When I read many of the blogs, forums or other posts regarding dog training I get the impression that the writer is well intentioned but the information they are sharing is either wrong or misleading.

Words are loaded. They come with meanings we may agree with, or don’t. I have a list of words I hate. Or at least strongly dislike. I dislike them, and try to avoid using them because unless they are clearly defined they are open to interpretation by the reader. Words like; pack leader, coddle and alpha. We should be specific as to what we mean by the use of words. Someone’s- calm, assertive leader, may be my- bully who doesn’t know how to read dogs. Telling someone not to ‘coddle’ their dog may be interpreted as- don’t protect your dog from things that scare them- advice that can be very, very dangerous. Alpha, well, alpha just needs to go away.
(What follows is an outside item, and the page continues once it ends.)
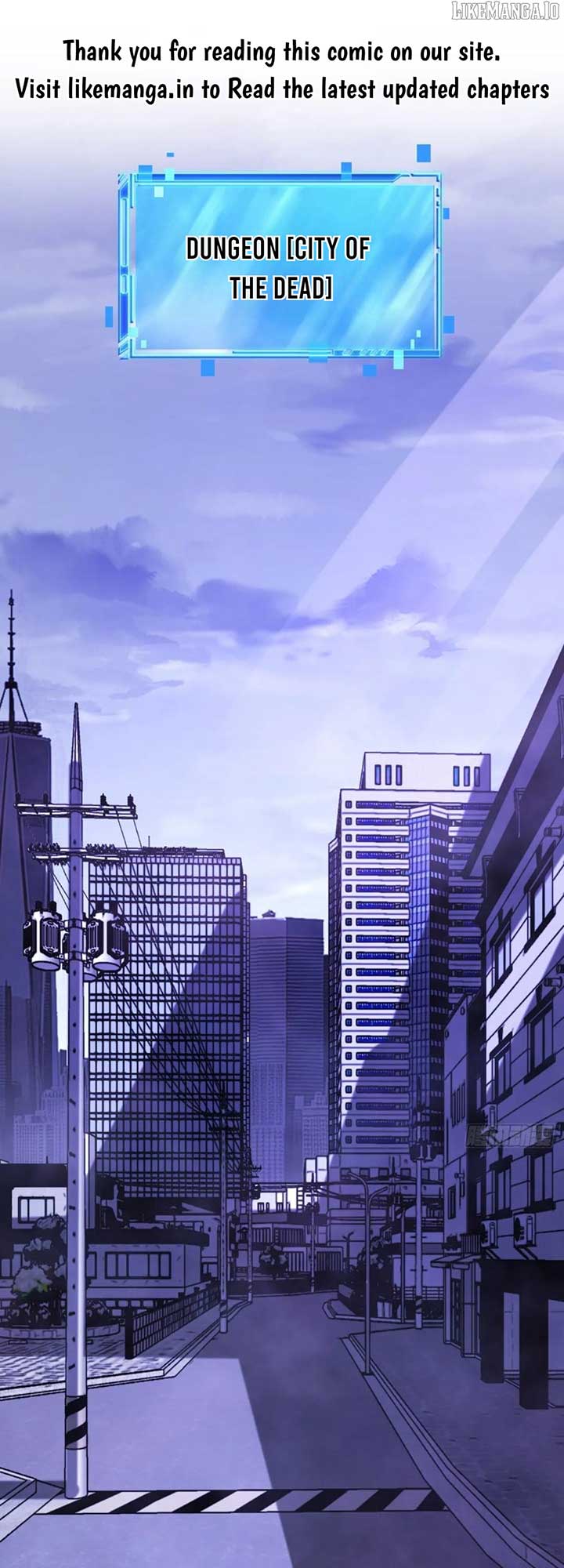 Player Elimination Plan! When Anomalies Descend Upon The Human World Chapter 35 - Page 1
I have had to bite my tongue on a forum in which someone with a fearful dog is being told to ‘wait for non-fearful behavior and then reward it’. We know that dogs repeat behavior they are rewarded for but seriously, this is how dog trainers are working with fear-based behaviors? Imagine telling a parent to drop their kid who is afraid of the water into the deep end where they’ll be over their head and only come to their aid when they start offering non-drowning behaviors. If they do pull the kid out right away they will only be reinforcing their fear of water. Huh?
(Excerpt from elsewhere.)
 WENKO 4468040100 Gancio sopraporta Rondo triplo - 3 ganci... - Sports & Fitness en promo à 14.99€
Why are dogs afraid to begin with? There may be underlying medical conditions that need to be addressed. They may not have been exposed to the things that scare them either when they needed to be exposed in order to develop the ability to deal with them appropriately, or how they needed to be exposed to feel safe around them. Bottomline is the dog doesn’t have the skills to deal with the situation. Waiting for them to develop those skills while they are terrified makes no sense.

Dogs are not choosing to be afraid and they are also not choosing their response to their terror. All of the ‘nothing in life is free’, or ‘earn to learn’ training techniques fall on deaf ears when one is dealing with the more immediate concern of saving one’s life.